Bir Milletin Şeref Timsali, "Aşık Veysel Şatıroğlu".
Aşık Veysel Şatıroğlu, Sivas'ın Şarkışla ilçesinin Sivrialan köyünde doğmuş, dünyaya adını altın harflerle yazdırmış, halk ozanımız, aşığımız, degerimiz ve simgemiz olmuştur.
Beni hor görme kardeşim
Sen altınsın, ben tunç muyum?
Aynı vardan var olmuşuz
Sen gümüşsün, ben sac mıyım?
Aşık Veysel Şatıroğlu, halk ozanımız 1894 yılında Sivas'ın Şarkışla ilçesinin Sivrialan köyünde doğmuş,
Beş kardeşin beşincisidir. Yedi yaşında yaşadığı çiçek hastalığı sonrasinda görme yetisini kaybetmiştir.
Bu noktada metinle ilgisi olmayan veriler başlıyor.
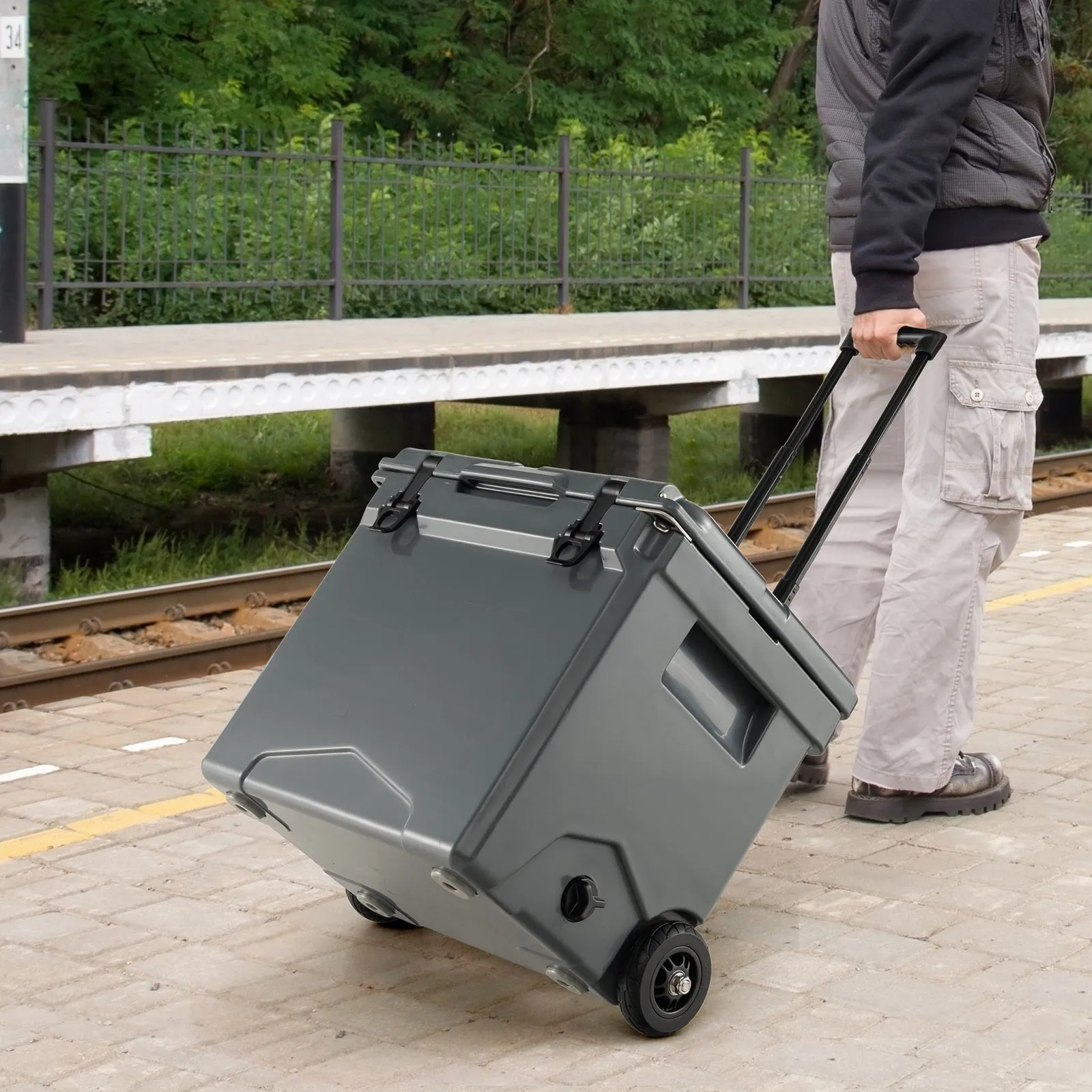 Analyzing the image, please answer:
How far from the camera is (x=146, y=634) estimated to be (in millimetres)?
6625

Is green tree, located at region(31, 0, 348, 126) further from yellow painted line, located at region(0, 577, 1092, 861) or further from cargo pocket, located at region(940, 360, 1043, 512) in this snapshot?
cargo pocket, located at region(940, 360, 1043, 512)

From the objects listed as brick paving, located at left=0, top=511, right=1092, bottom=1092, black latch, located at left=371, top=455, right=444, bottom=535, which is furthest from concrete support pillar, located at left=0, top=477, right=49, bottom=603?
black latch, located at left=371, top=455, right=444, bottom=535

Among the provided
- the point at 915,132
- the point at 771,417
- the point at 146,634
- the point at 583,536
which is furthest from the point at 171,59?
the point at 583,536

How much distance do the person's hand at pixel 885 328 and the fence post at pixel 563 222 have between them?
29.9ft

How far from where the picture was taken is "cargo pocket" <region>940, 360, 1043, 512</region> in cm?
404

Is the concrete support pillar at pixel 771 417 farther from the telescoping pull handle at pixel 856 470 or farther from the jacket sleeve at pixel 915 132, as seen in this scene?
the telescoping pull handle at pixel 856 470

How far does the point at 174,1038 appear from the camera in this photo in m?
3.09

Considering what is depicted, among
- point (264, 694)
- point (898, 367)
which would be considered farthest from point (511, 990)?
point (898, 367)

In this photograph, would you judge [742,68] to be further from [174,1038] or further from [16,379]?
[174,1038]

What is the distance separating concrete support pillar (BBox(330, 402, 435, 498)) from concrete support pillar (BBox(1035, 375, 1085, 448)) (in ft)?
19.9

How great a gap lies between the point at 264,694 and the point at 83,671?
112 inches

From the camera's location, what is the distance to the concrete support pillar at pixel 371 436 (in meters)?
10.2

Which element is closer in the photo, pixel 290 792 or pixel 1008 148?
pixel 290 792

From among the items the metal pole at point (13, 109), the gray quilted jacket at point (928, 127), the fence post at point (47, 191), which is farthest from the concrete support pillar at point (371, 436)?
the gray quilted jacket at point (928, 127) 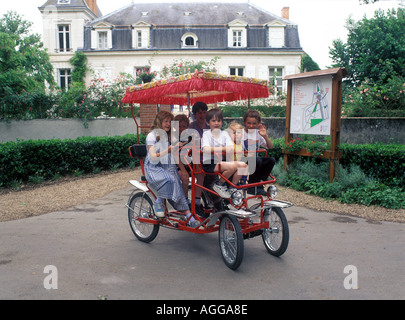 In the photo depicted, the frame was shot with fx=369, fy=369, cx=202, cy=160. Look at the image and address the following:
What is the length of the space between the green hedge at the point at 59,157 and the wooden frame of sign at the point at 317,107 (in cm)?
494

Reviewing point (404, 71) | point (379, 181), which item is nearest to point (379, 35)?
point (404, 71)

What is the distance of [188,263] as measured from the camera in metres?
4.47

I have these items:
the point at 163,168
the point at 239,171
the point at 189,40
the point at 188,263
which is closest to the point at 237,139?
Result: the point at 239,171

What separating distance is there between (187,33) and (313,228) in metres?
25.9

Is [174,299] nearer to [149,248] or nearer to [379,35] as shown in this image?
[149,248]

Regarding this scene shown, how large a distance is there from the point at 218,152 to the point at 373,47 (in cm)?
2129

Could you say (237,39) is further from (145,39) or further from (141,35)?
(141,35)

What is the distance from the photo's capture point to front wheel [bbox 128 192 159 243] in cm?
528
Karanlık dünyasında umut ve ışık timsali olan Veysel, karanlık dünyasını aydınlatmayı ve Aşık Veysel olmayı başarmıştır.
Aşık Veysel'in görme engeli onu okulundan etmiş, okula gidememiştir. Onun sanat sahibi olmasını isteyen babası Ahmet efendi, Onu molla Hüseyin'e çırak vermiştir. 15 yaşında saz çalmaya başladı.
Görme engeli nedeniyle askere gidemeyen Veysel, 25 yaşında akrabası olan Esma ile evlenmiş daha sonrada ikinci evliliğini yapmıştır. İlk evliliğinden iki çocuğu olmuş ve onları kaybetmiştir.
Cumhuriyet'in onuncu yılında, "Ataturk'tur Türkiye'nin ihyası"adlı şiiri Atatürk'ün vatanı kurtarmak pahasına canını hiçe sayması ve vatanı modern bir devlet yapmak için çalıştığını belirtmiştir.
Aşık Veysel Şatıroğlu, şairliği yanında birçok türkü birakmistir bizlere.
Dostlar beni hatırlasın, benim sadık yarim kara topraktır, uzun ince bir yoldayım gibi.
Türk milletinin beynine kazınan türküleri bulunmaktadır.
Milletini seven aşık, toprak, sevgi, doğa gibi şiirlerinde kullanmıştır.
Sivrialan köyünde bulunan Âşık Veysel Şatıroğlu’nun evi, Kültür Bakanlığı tarafından kamulaştırılmış ve 1982 yılında müze olarak ziyarete açılmıştır.